- Given data

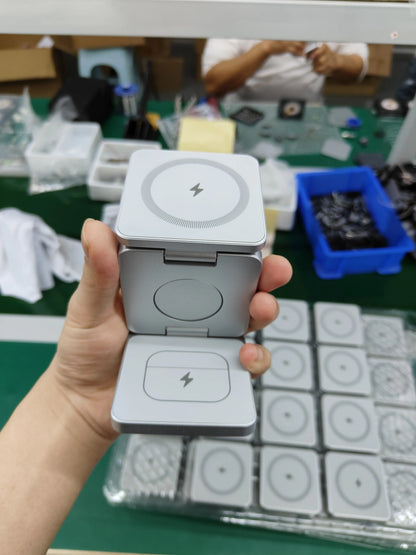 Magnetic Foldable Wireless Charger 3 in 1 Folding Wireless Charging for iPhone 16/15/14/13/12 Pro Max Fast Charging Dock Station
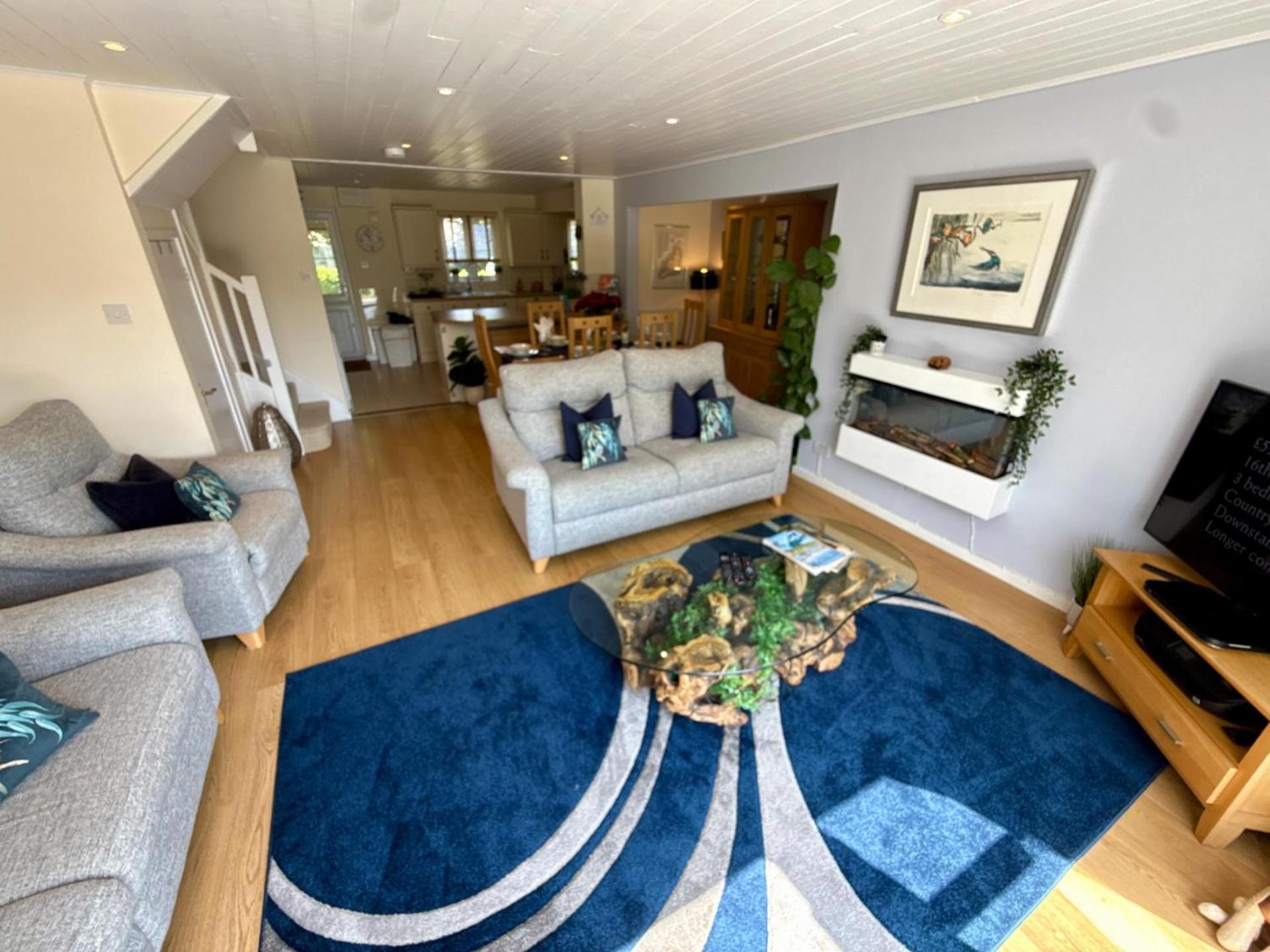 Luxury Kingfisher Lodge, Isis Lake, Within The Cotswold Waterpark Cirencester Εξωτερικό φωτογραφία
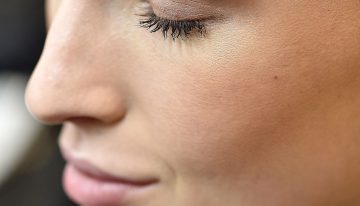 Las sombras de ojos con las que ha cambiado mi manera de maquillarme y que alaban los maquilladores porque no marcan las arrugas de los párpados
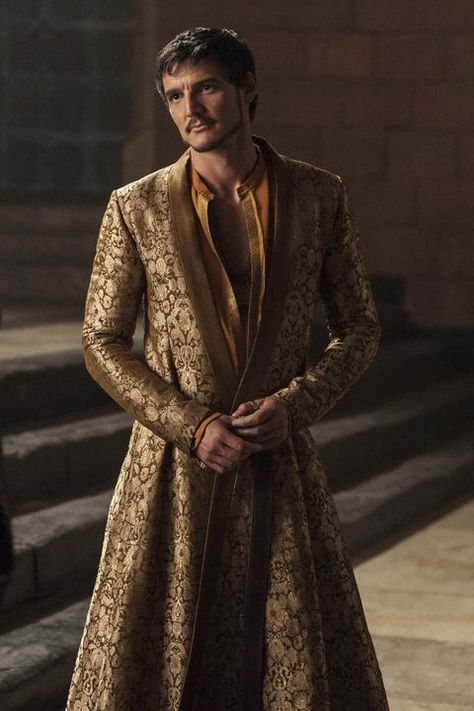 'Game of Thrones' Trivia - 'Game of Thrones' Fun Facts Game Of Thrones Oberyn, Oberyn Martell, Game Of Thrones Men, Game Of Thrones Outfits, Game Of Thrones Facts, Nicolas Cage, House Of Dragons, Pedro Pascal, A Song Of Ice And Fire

* * *

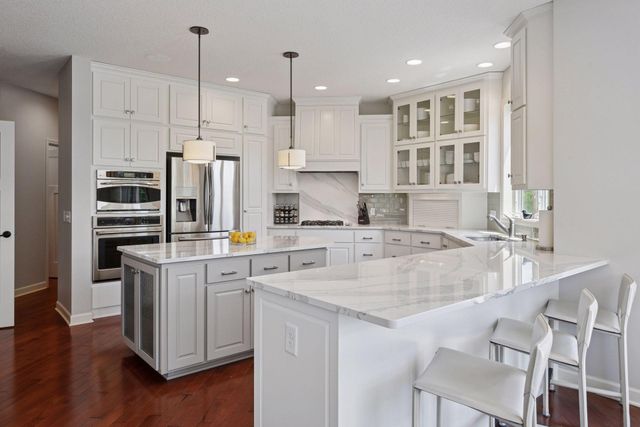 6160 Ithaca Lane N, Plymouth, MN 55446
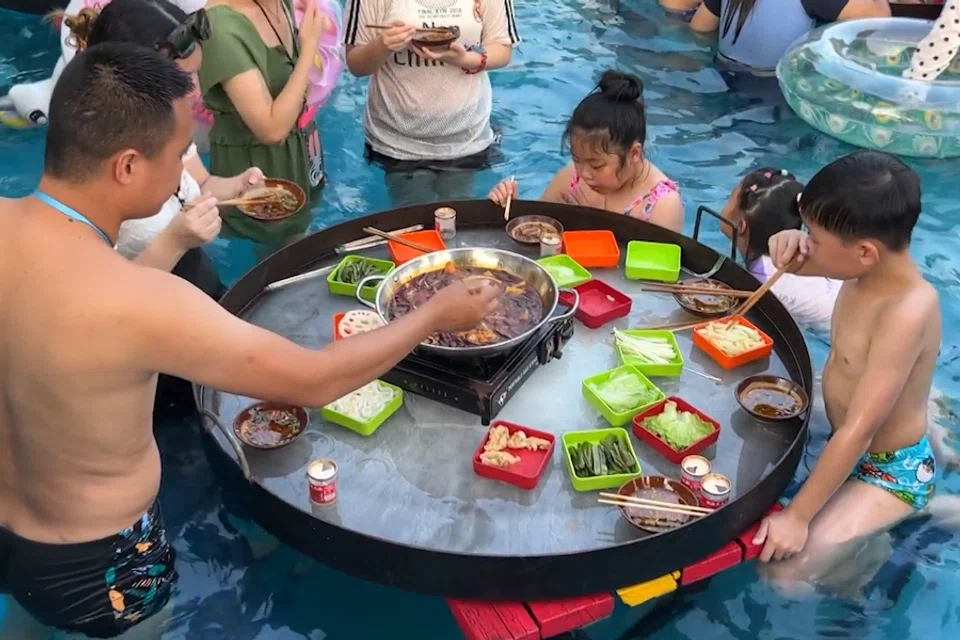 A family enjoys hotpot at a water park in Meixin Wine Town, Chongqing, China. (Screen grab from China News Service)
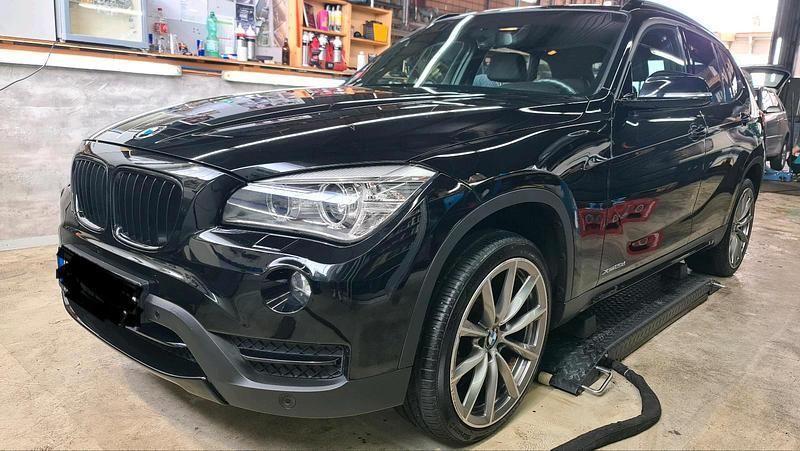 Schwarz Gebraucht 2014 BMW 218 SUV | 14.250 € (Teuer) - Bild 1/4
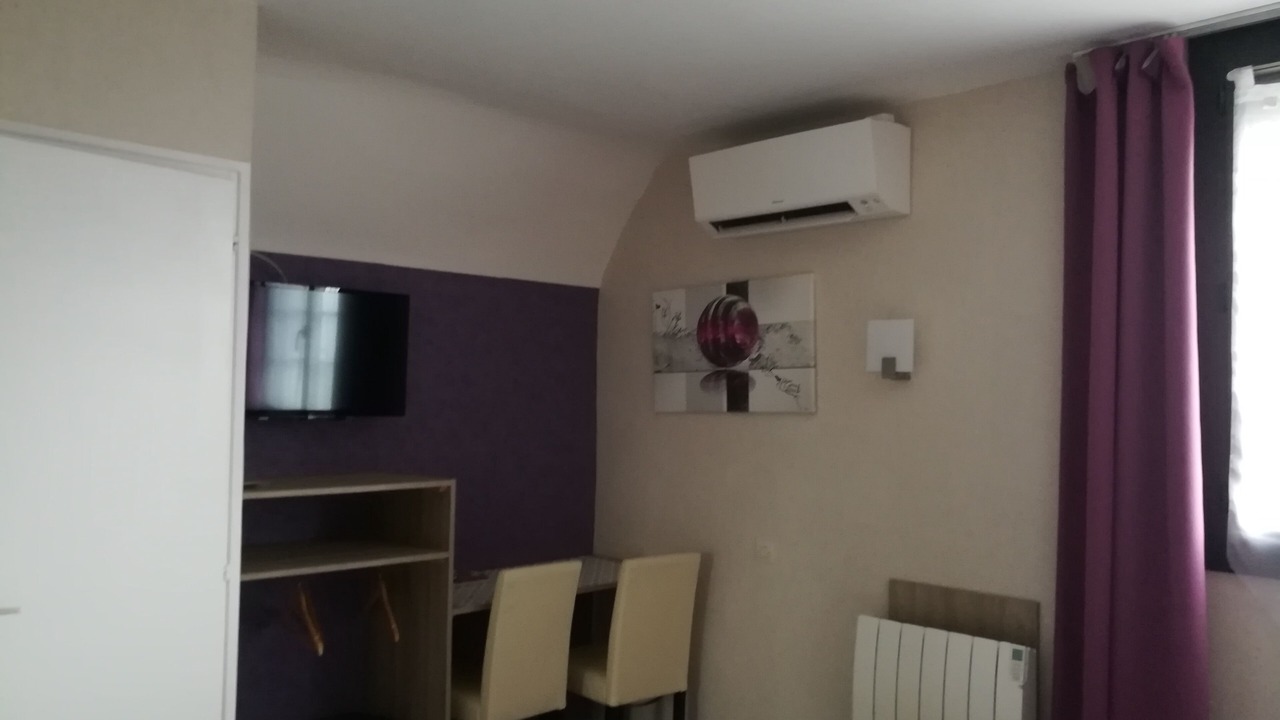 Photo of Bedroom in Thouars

- Exercise objective
Only the lines starting at the one with "Las sombras de" and ending at the one with "Ice And Fire" should be printed, each exactly as it appears in the material above; the pictures are to be omitted.

- Reply to the exercise
 Las sombras de ojos con las que ha cambiado mi manera de maquillarme y que alaban los maquilladores porque no marcan las arrugas de los párpados
 'Game of Thrones' Trivia - 'Game of Thrones' Fun Facts Game Of Thrones Oberyn, Oberyn Martell, Game Of Thrones Men, Game Of Thrones Outfits, Game Of Thrones Facts, Nicolas Cage, House Of Dragons, Pedro Pascal, A Song Of Ice And Fire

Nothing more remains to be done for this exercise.